Labor has a Legitimate Lien on Capital
When Steve Miller, the vulture capitalist who drove Delphi into the ditch of America’s dreams, declared, “Bankruptcy is a growth industry,” he was smiling, but he wasn’t joking.
Bankruptcy in the U.S. isn’t a sign of economic distress or mismanagement, it’s a business plan: calculated, cunning, and void of redeeming social value. American Airlines is the latest in a long line of financial obscenities that make vulture capitalists salivate.
If we had a president we could believe in, he would not only call out the National Guard to protect the Constitutional rights of citizens at Occupy protests, he would defend the vested benefits earned by workers with the full moral and institutional authority of his office. It won’t happen.
We must cease and desist from unrealistic expectations and mount our own counteroffensive. U.S. courts routinely aid and abet the extortion of workers and the plunder of pension plans. Capitalism isn’t above the law in the United States; it is the law. Peace and solidarity activists are hounded, harassed, and arrested but the forcible transfer of wealth from the working class to the investing class is protected concerted activity.
American Airlines’ debt doesn’t outweigh its cash and assets. In fact, American Airlines is financing its own bankruptcy. That’s not distress; it’s brass knuckle union busting. The business press makes no bones about American Airlines’ plan to profit off the broken backs of labor contracts. In fact, they crow about it.
American Airlines ordered 460 new planes from Boeing and Airbus less than five months ago at a cost of $38 billion. Those contracts will be honored even as American Airlines plans to dump pensions underfunded by about $10 billion for approximately 130,000 workers and retirees.
American Airlines doesn’t pretend to offer a business plan that promises better management. The only benefits American Airlines purports to extract from bankruptcy are pension evasion, and concessions from unions facing a court ordered firing squad.
The crib notes for this business plan read: bankruptcy equals profit. The longhand reveals the moral compunction of a crocodile.
The Pension Benefit Guaranty Corp [PBGC] estimates that a default at American Airlines could be the largest in U.S. history. The PBGC itself is teetering on the edge of insolvency.

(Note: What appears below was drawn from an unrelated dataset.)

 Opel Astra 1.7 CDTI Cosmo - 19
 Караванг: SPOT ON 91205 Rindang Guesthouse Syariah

In 2004 a report by the Center on Federal Financial Institutions said the PBGC “is insolvent on the basis of Generally Accepted Accounting Principles (GAAP) and would be shut down if it were a private insurer.”

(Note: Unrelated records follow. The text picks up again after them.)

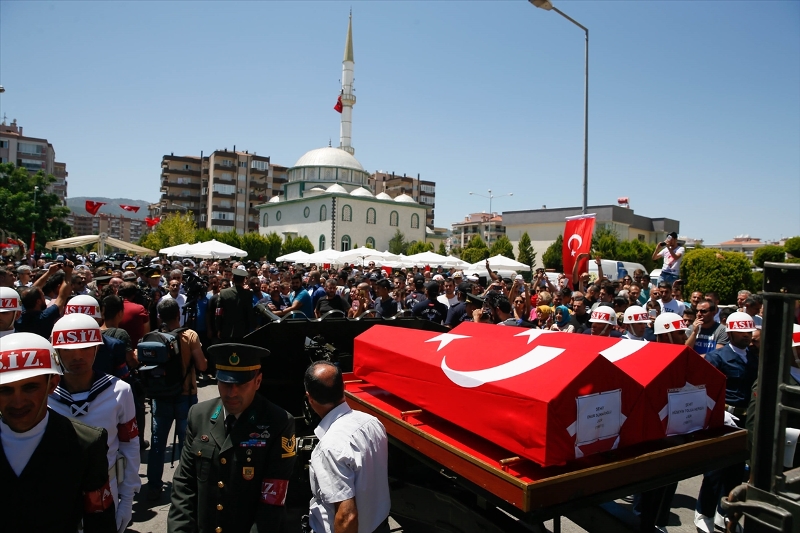 İzmir şehitlerini son yolculuğuna uğurladı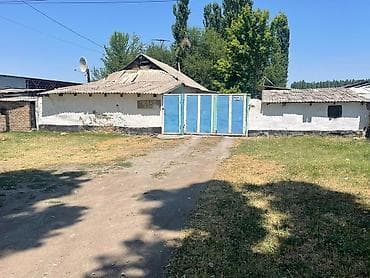 Продаётся дом с большим двором и хозяйственными постройками. участок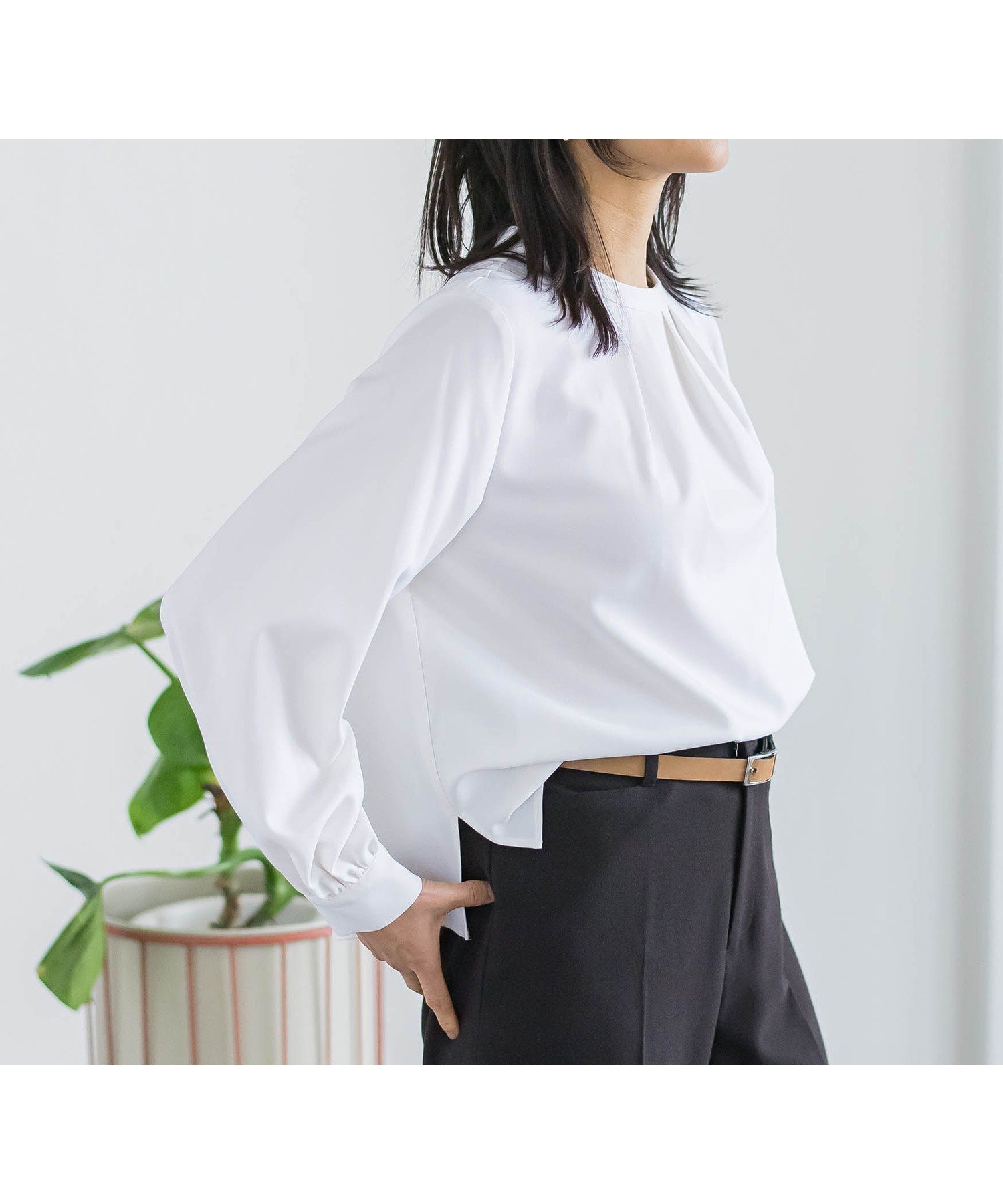 【ロートレ アモン/LAUTRE AMONT】のウールブレンドストレッチブラウス≪セットアップ対応/手洗い可能≫ インテリア・キッズ・メンズ・レディースファッション・服の通販 founy(ファニー) 　ファッション　Fashion　レディースファッション　Fashion for Women　トップス・カットソー　Cut & Sew Tops　シャツ・ブラウス・オフィスカジュアル　Elegant Blouses & Button-Ups　ウォッシャブル　Machine Washable　秋　Autumn　シンプル　Simple, Minimal　ジャケット　Jacket, Outerwear　ストレッチ　Stretch, Stretchy Fabric　セットアップ　Set-Up, Coordinated Outfit　バランス　Balance, Style Balance　フォルム　Silhouette, Form　ワイド　Wide, Wide Fit　A/W・秋冬　Autumn/Winter　エレガント 上品　Elegant　ビジネス 仕事 通勤　Business / Work / Commuting　2025年　2025　2025-2026秋冬・A/W　Autumn/Winter 2025–26 AW25–26　オフホワイト|ID: prp329100004824034 ipo3291000000035081514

That was before the PBGC absorbed $6.2 billion in pension obligations from Delphi.
U.S. bankruptcy courts protect the assets of U.S. corporations invested outside the United States from creditors. You can bet your mother’s paycheck American Airlines’ parent company, AMR Corp., has cash and assets stashed in ports all over the world.
Labor has a legitimate lien on Capital. A pension isn’t an entitlement, an investment, or a gamble; it’s earned with hard steadfast work.
A company that cancels its pension obligations should not be permitted to profit from the trade off. The trend toward bankruptcy as a growth industry in the United States is a clear indication that we aren’t in a recession. We are experiencing a restructuring at the expense of everyone who works for a living.
We won’t win this struggle in court. The operable word for rank and file workers isn’t competition, concession, or compromise. The operable word is “Occupy.”
Bankruptcy at American Airlines shouldn’t be allowed to fly.